Date of Graduation

8-2016

Document Type

Dissertation

Degree Name

Doctor of Philosophy in Public Policy (PhD)

Degree Level

Graduate

Department

Political Science

Advisor

Michael T. Miller

Committee Member

Valerie H. Hunt

Second Committee Member

Kristin K. Higgins

Keywords

Social sciences; Education; Americans with Disabilities Act

Abstract

Disability Services Providers (DSPs) have historically been the personnel tasked with implementing federal disability policy at postsecondary institutions primarily since the passage of Section 504 of the Rehabilitation Act of 1973 and the Americans with Disabilities Act in 1990. The model adopted by the majority of DSP offices is student-driven and requires students seeking academic accommodations must go through a formal process to determine eligibility for services, and then play an active role in their provision. Disability-related policies at the campus level are usually authored by DSPs who are seen as experts by the institution and its stakeholders. However, sometimes the campus policy environment and other implementation challenges can limit the ability of the DSP to effectively establish or modify policies to make them more in line with the services needed by students with disabilities attending the institution.

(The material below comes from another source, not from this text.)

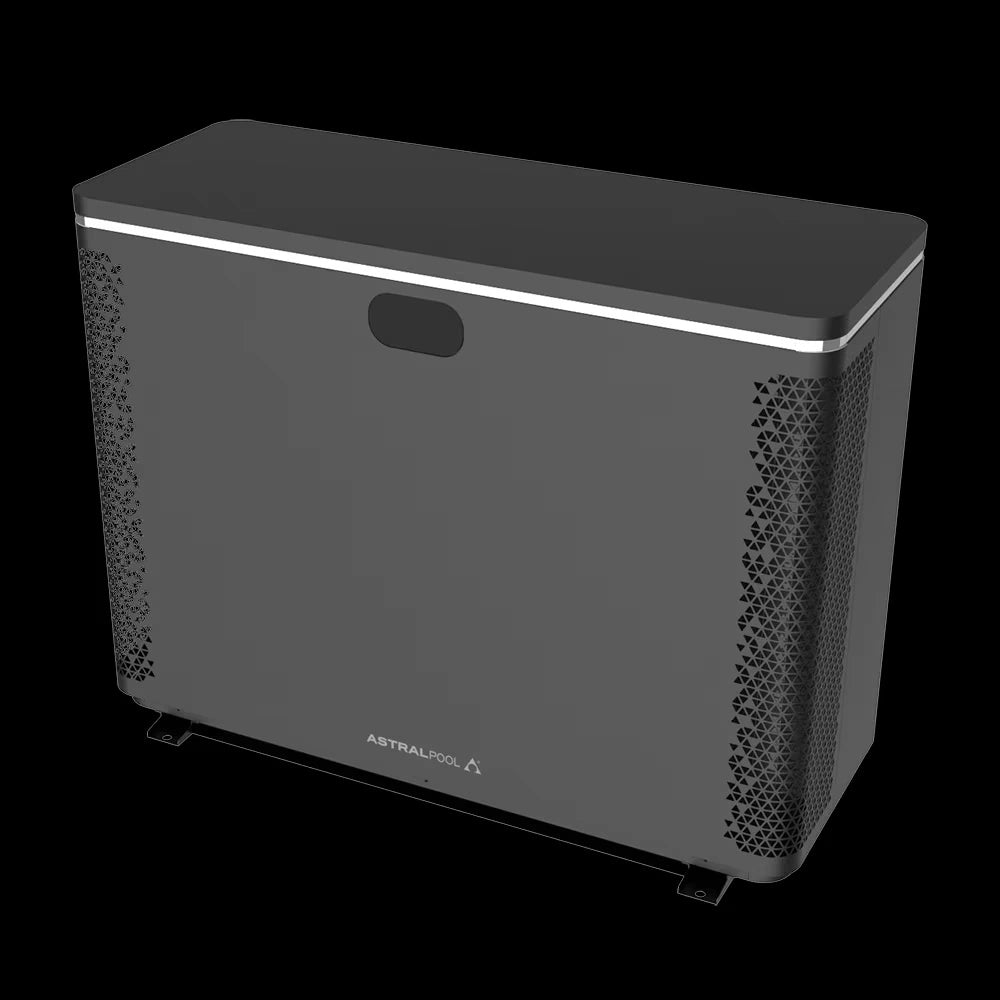 AstralPool Pinnacle IHP SD inverter pool heat pump front right angle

The study was conducted to explore what factors affect the discretion exhibited among Disability Services Providers (DSPs) as they implement the Americans with Disabilities Act Amendments Acts (ADAAA) on their respective campuses through the policy implementation lens of Lipsky’s (1980) street-level bureaucrats theory. The study utilized a convenience sample of DSPs at colleges and universities whose main responsibility was to implement the campus-based disability policies through their daily work practices and routines. The study found that Disability Services Providers (DSPs) considered 18 of the 28 AHEAD performance indicators to be critical to the implementation of the ADAAA. Although the campus policy environment may not have an effect on what DSPs consider to be critical to the implementation of federal disability policies, it can influence what services are provided by Disability Services offices. Increased demand for services was identified by DSPs as the number one implementation challenge at the campus level.